Exercise brief: Below are some records. Retype exactly the lines from the one containing "Colourful cross 2 inch round button" through the one containing "Natural Indian Blanket", both included, skipping every picture.

(Records drawn from a dataset)
━━━━
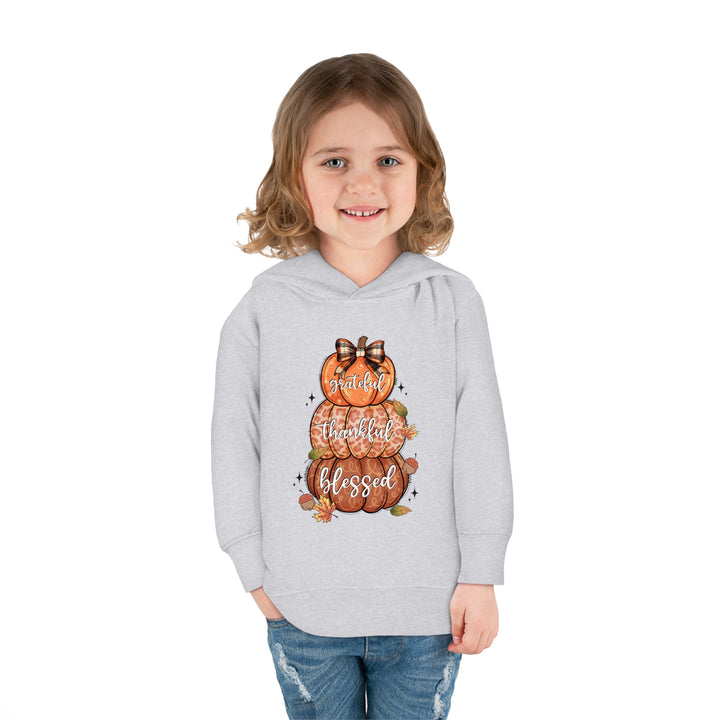 Grateful Thankful Blessed Pumpkins - Toddler Pullover Fleece Hoodie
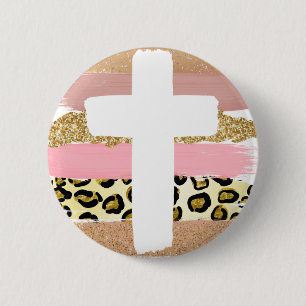 Colourful cross 2 inch round button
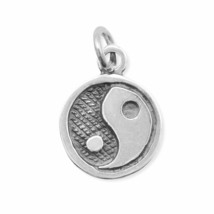 Oxidized Yin-Yang Round Disk Charm Neck Piece Men Women Gift 14K White Gold Over - £18.99 GBP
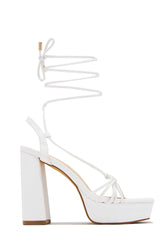 London Lace-Up Platform Heels in White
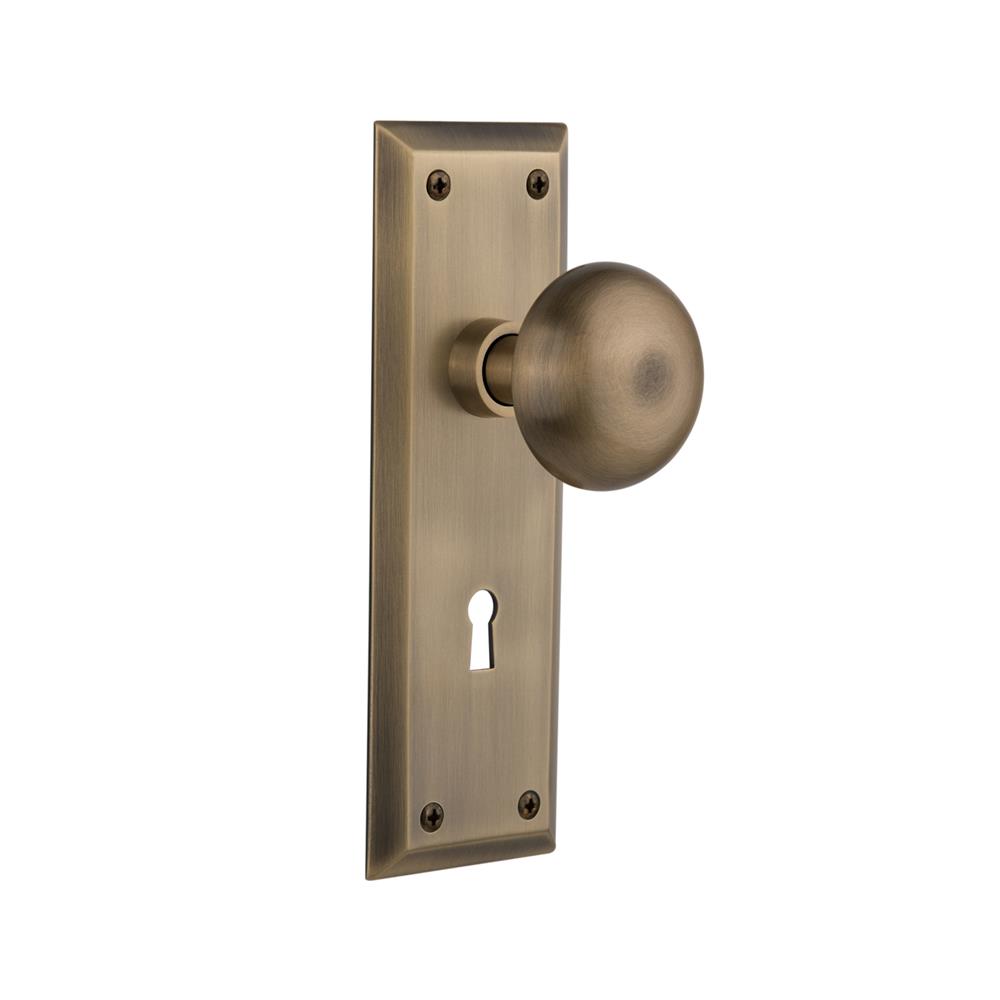 Nostalgic Warehouse NYKNYK Mortise New York Plate with New York Knob and Keyhole in Antique Brass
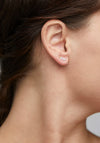 Pilgrim Anita Ear Crawlers Multi-Coloured Crystals Earrings, Silver
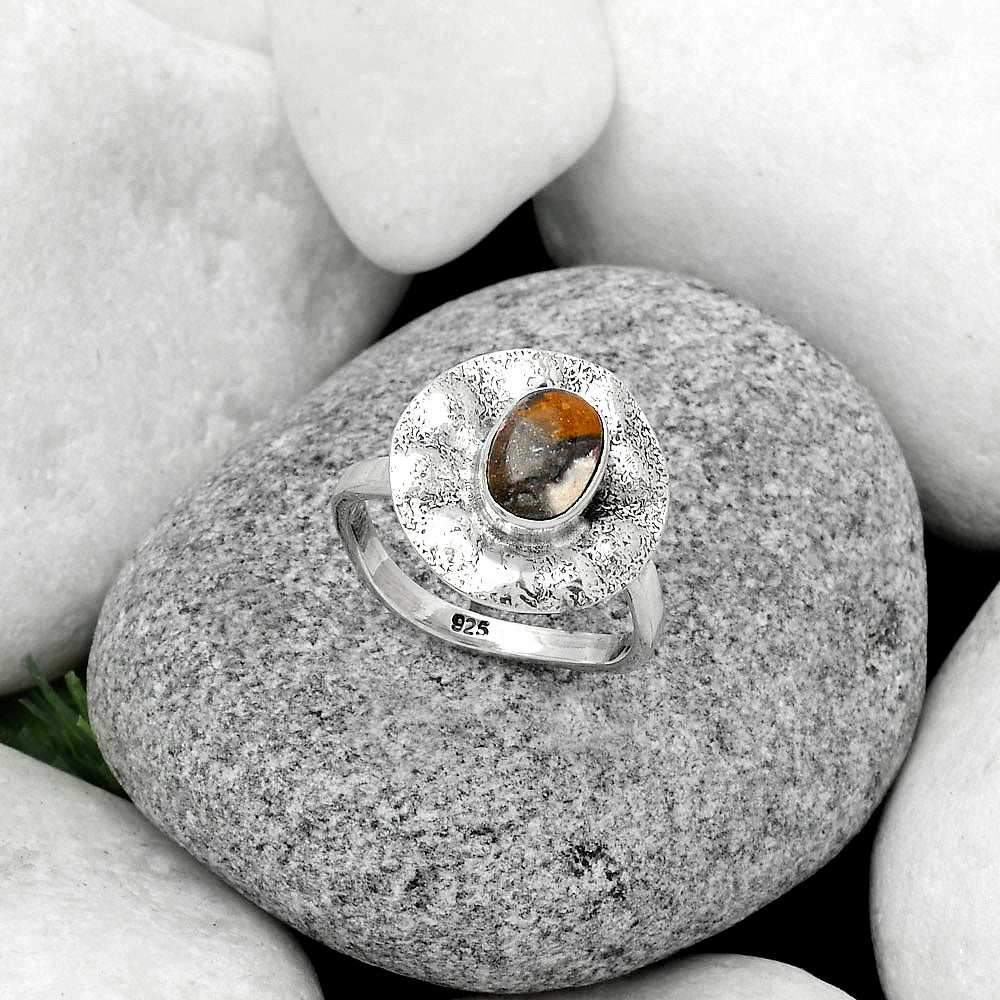 Natural Indian Blanket Jasper Ring size-9 R-1531 SDR179129
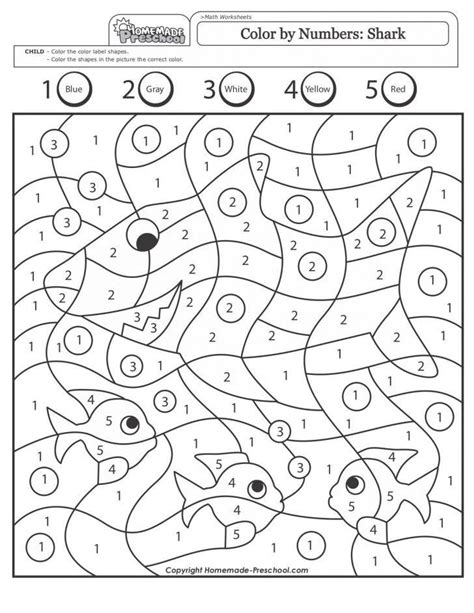 20 Kindergarten Color By Number Worksheets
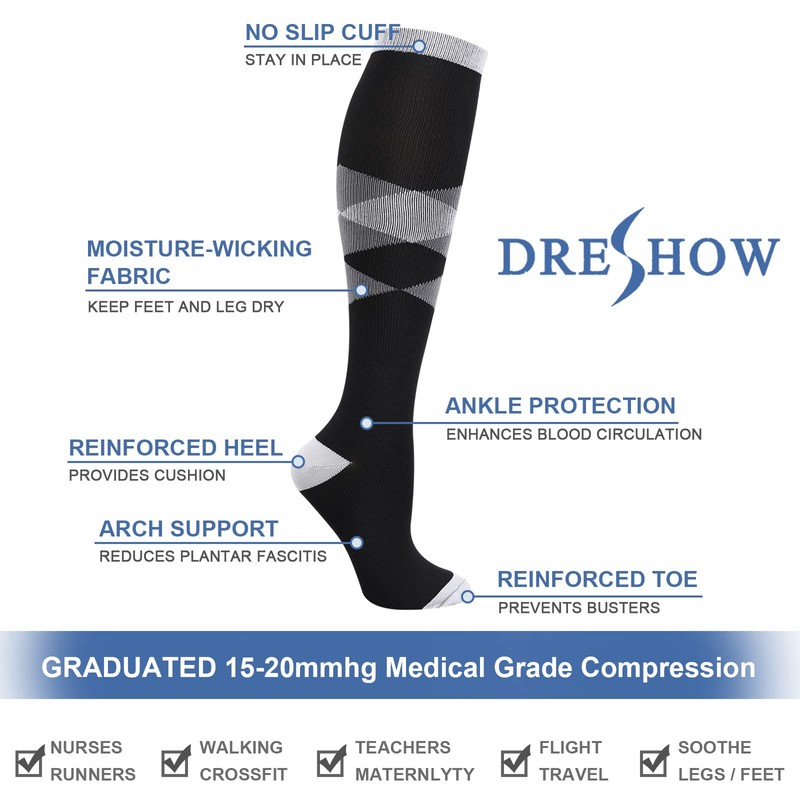 DRESHOW 4 Pairs of Compression Socks for Women, Men, Support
━━━━
Answer to this problem:
 Colourful cross 2 inch round button
 Oxidized Yin-Yang Round Disk Charm Neck Piece Men Women Gift 14K White Gold Over - £18.99 GBP
 London Lace-Up Platform Heels in White
 Nostalgic Warehouse NYKNYK Mortise New York Plate with New York Knob and Keyhole in Antique Brass
 Pilgrim Anita Ear Crawlers Multi-Coloured Crystals Earrings, Silver
 Natural Indian Blanket Jasper Ring size-9 R-1531 SDR179129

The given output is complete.